The Stanley Clarke Band: The Stanley Clarke Band

The Stanley Clarke Band
The Stanley Clarke Band
Heads Up International
2010-06-15

Bassist Stanley Clarke’s new album may have a generic title, but it’s appropriate. As someone who helped invent the genre known as fusion jazz in addition to completely mastering his own instrument, a piece of living history like Clarke has every right to have complete control over his recording output. A looming influence like Clarke, who is well over 40 years into his career, has the luxury to call all the shots. But on The Stanley Clarke Band, the man at the center of it all has no problems handing the reigns over to much younger musicians, whether it be for extended solos or songwriting. And fortunately for us, the Stanley Clarke Band is more than up for the challenge. Aside from a few minor missteps, The Stanley Clarke Band is about as rock-solid and no-nonsense as its title.

Clarke has assembled an impressive band this time around.
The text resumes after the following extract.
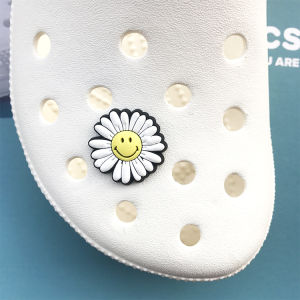 หัวเข็มขัดรองเท้า Holes ใหม่พร้อมเข็มขัดตกแต่งลายการ์ตูนและอนิเมะ ชุดอุปกรณ์ตกแต่งรองเท้า Cross Caroll สำหรับผู้ชายและผู้หญิง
He has the benefit of not one, but two extraordinarily talented keyboardists with Hiromi Uehara and Ruslan Sirota, the former a holdover from Clarke’s 2009 album Jazz in the Garden. Human metronome Ronald Bruner, Jr. proves to be a reliable backbeat for Stanley Clarke’s heavily syncopated bass plucking in times of great fury. The rest of the disc is rounded out with guest performances from sax man Bob Sheppard, guitarists Charles Altra and Rob Bacon, vocalist Cheryl Bentyne, and a galvanized rhythm section helped out by additional bassists and drum programmers. On paper, it sounds like a busy mess, and some of you might not be too impressed by a long list of names. But you’re going to have to take my word for it when I say that it’s an impressive sounding ensemble.
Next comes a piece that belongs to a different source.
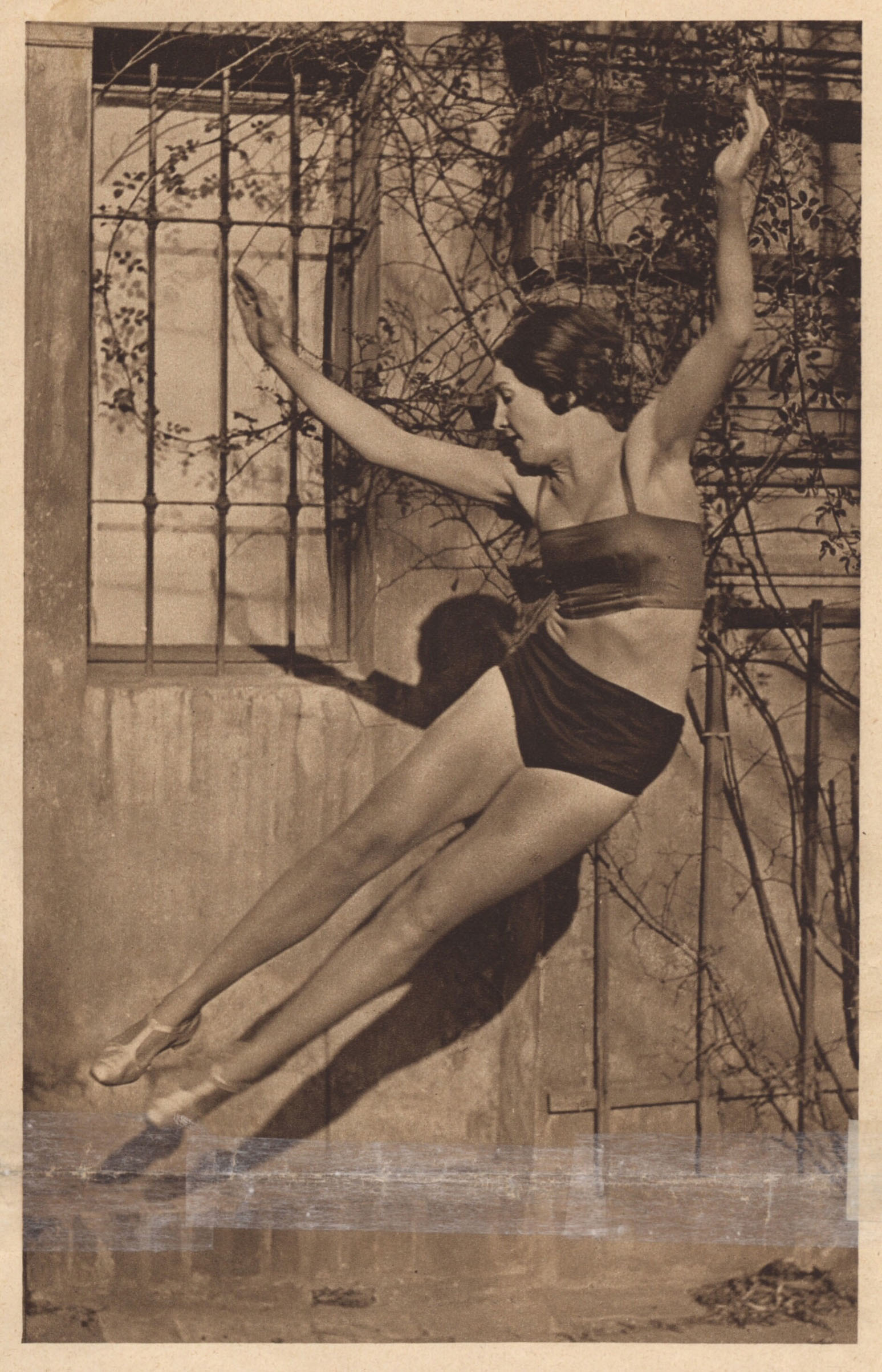 Dancer Milča Mayerová, ca. 1926. From : Colorful Week / Prague, Wednesday, December 29, 1926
The leadoff track “Soldier” gives us the spirit of the band in a seven-minute microcosm. Composed by Sirota, it’s an inimitable scaled-down epic. The rubato in the beginning slowly gives way to a hesitant fusion groove that would have not sounded out of place coming from Weather Report or Return to Forever 30 years ago. 90 seconds in, the song is completely seized by this brisk motif that is absolutely riveting. This is followed by a piano solo that sounds like Vince Guaraldi if he were surrounded held at gunpoint in combat. “A soldier’s path is never easy”, writes the song’s author in the liner notes. The piece’s sense of drama never pretends to assume otherwise, and it easily establishes the high point of the album right away.

This doesn’t mean that the rest of the album slouches. A close second to the power of “Soldier” would probably have to be a rereading of Return to Forever’s “No Mystery”, which the band manages to play as if it were written just for them. Hiromi Uehara gets to display her writing skills on “Labyrinth”, her lone composition on the collection (and does it ever count!). Just the main theme plays out like a myriad of syncopated cadences that seem to resolve only in ways you least expect them.
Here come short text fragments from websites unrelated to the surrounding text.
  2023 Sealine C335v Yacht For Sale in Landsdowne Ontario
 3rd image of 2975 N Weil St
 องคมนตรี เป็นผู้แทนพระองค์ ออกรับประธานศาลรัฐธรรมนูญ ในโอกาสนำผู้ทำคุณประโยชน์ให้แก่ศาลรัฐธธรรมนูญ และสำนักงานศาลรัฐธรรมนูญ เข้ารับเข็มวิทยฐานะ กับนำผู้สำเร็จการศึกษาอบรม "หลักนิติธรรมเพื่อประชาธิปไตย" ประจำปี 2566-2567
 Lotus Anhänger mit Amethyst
After awhile, it feels as if Stanley Clarke’s songwriting contributions were the least convincing ones in the pot. They do have their place, however. “Bass Folk Song No. 10”, which concludes a long-standing series of solos Clarke had been writing since the ’70s, accomplishes a surprisingly affecting mood in ways fusion skeptics could never imagine. And it’s all done with a four-string and just the tiniest bit of background programming. “Larry Has Traveled 11 Miles and Waited a Lifetime for the Return of Vishnu’s Report” and “Sonny Rollins” function as dedications to Joe Zawinul and Sonny Rollins (obviously), respectively. And though Clarke has solidified his own compositional voice over the years, they still don’t rise to anything above homage. “How Is the Weather Up There?”, apart from being an excuse to groove, also does its best to be timely in the face of global warming. Informed by the news of this forthcoming composition, Clarke’s fans left voicemail messages offering up their thoughts and opinions about the subject, including one that I hadn’t heard before: “It’s not carbon dioxide driven. When the planet gets warmer it’s because of the sun. When the sun gets hotter, all the planets get hotter.” Gosh, how come we never thought of that one before?

Since the title is so definitive, early buzz around The Stanley Clarke Band compared it rather favorably to his first three solo albums. And to anyone who still sits at home spinning their vinyl copies of Journey to Love or School Days, the idea of this release ranking as Clarke’s greatest achievement may sound preposterous — especially with all that young talent invading his space. But to anyone who thought that Clarke’s 2008 album The Toys of Men showed great promise of elastic tension and release, The Stanley Clarke Band is hot off its heels. For all its inconsistencies, this album could be fusion’s new fountain of youth.